I began this project to experiment on realtime data structures and algorithms in C++. Many interesting things arose from this research. My intentions is to end-up with a realtime version of the Standard Template Library (STL), suitable for hard-realtime, low-latency and high-availability.
The first important conclusion of this project is that there should be a split between node and array allocations in allocators. As a result, I have written a proposal to the C++ standards committee that can be found here
http://open-std.org/jtc1/sc22/wg21/docs/papers/2016/p0310r0.pdf
or more easily here doc/proposal_allocator.pdf.
A benchmark graph can be found here: doc/fig/unordered_set_with_frag.pdf
A well known issue we face when working with linked data structures is that the links contained in the nodes represent a big memory overhead. The situation is made worse by the fact that there is no way to avoid pointers in STL containers. Even when you are using, say 20 elements, the links have the pointer size e.g 64 bits, that is suitable to address the whole address space. In the project I offer the possibility of using any integer to address the elements, resulting in massive reduction of the memory usage.
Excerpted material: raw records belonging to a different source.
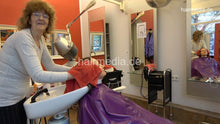 Load image into Gallery viewer, 1182 21_11_07 HannaM 1 genuine perm backward wash salon shampooing in pink PVC cape
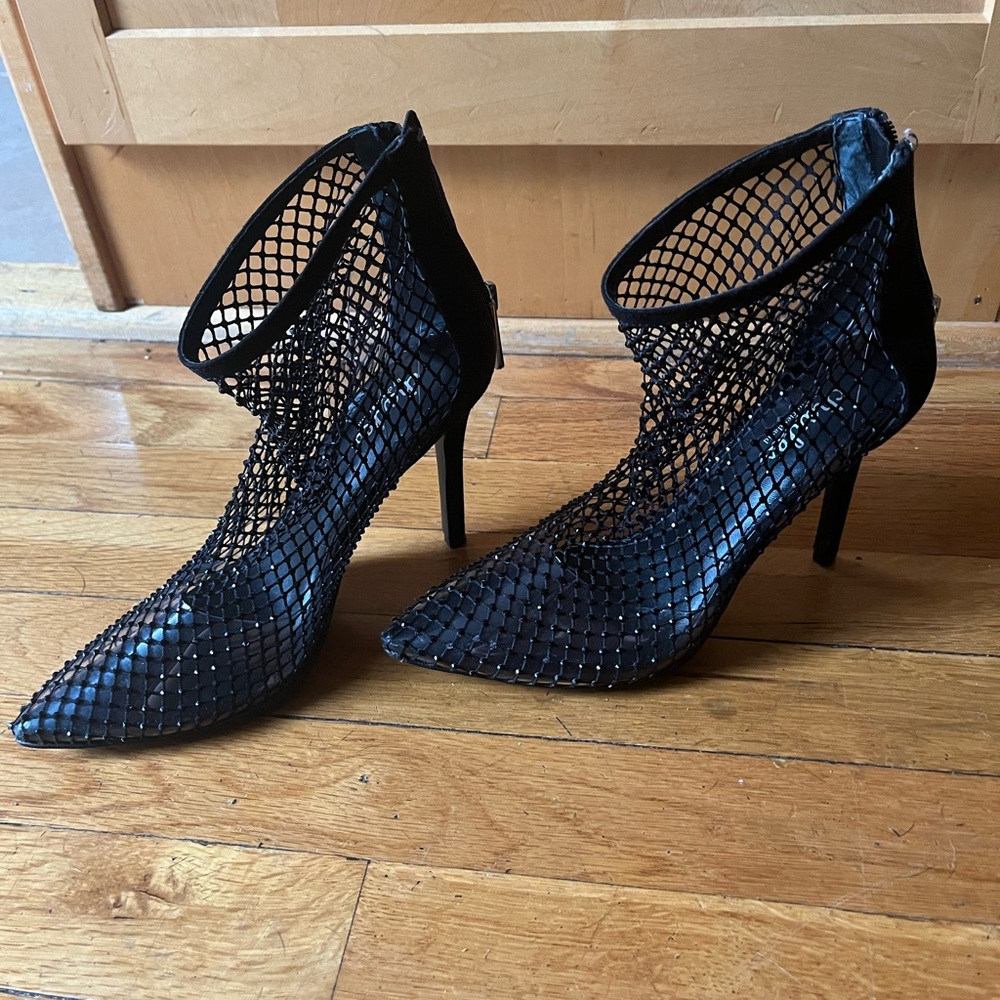 Charles David Black Mesh Clear Heels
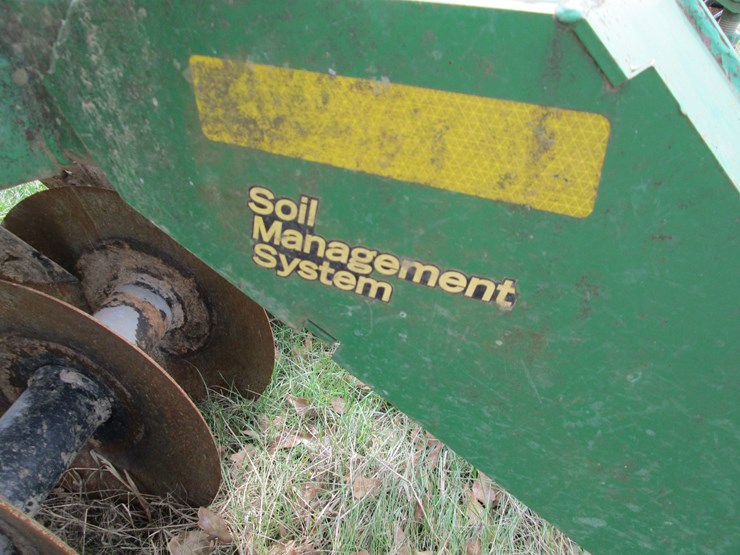 john-deere-637-image-25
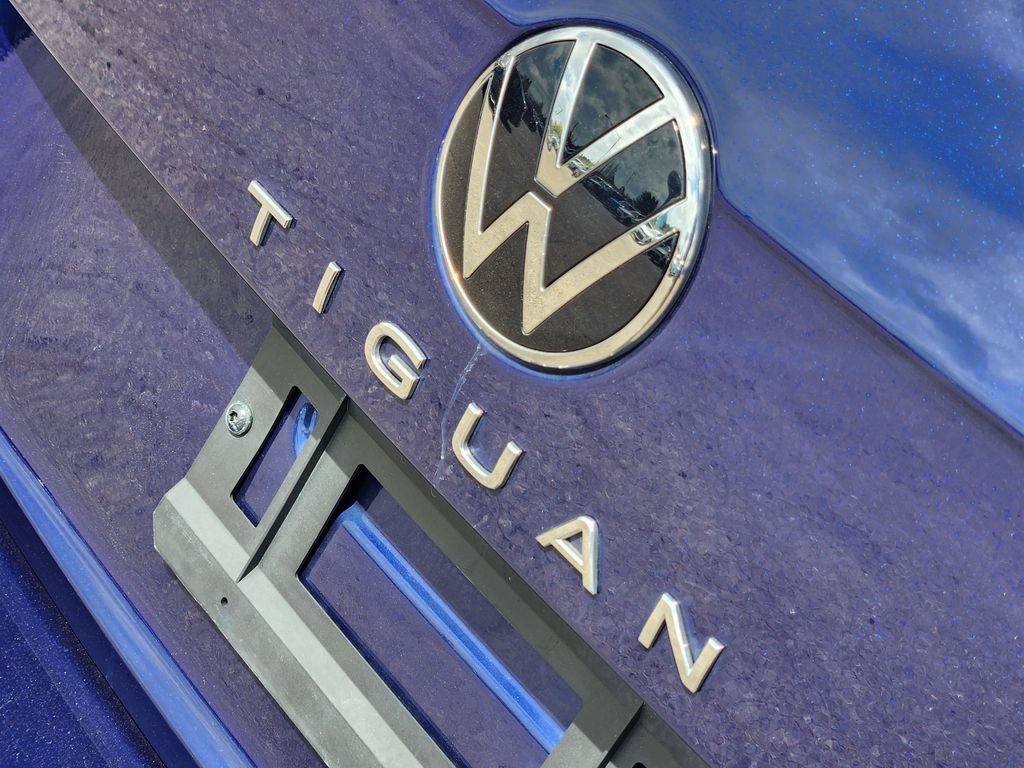 Used 2022 Volkswagen Tiguan SE AWD/4WD image 12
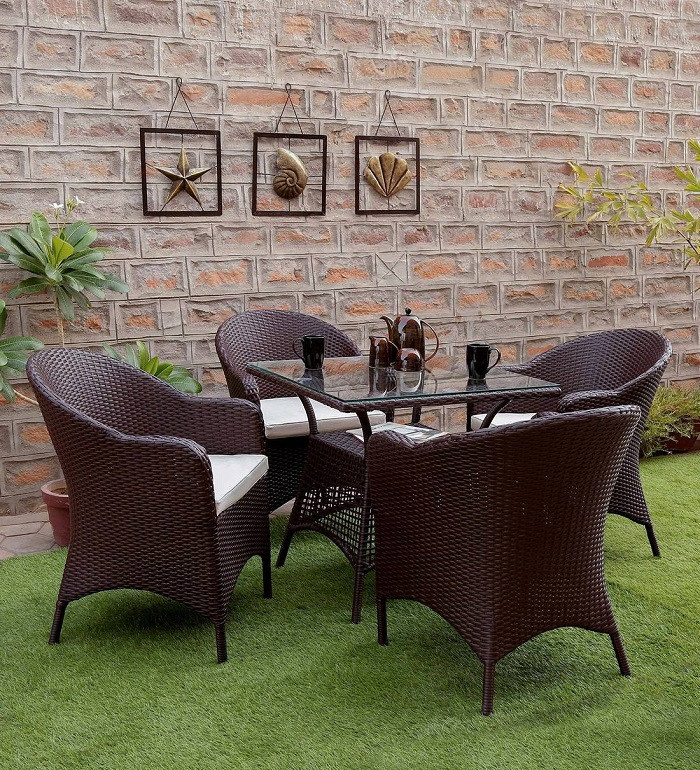 Có nên mua và sử dụng ban ghe cafe nhua hay không?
A big concern today in the use of linked data structures is related to their cache-unfriendliness. The proposal mentioned above plus some small additions offer a strong alternative to traversal where we instead of chasing pointers, we can traverse the buffers where the nodes have been allocated. Benchmarks a quite impressive.
This is a very simple matrix class that offers most usable operators with lazy evaluation and compile time check of compatible size for matrix/vector operations. It makes code clean, intuitive and efficient, avoiding temporaries.
Threaded bynary search trees, sorting algorithms etc.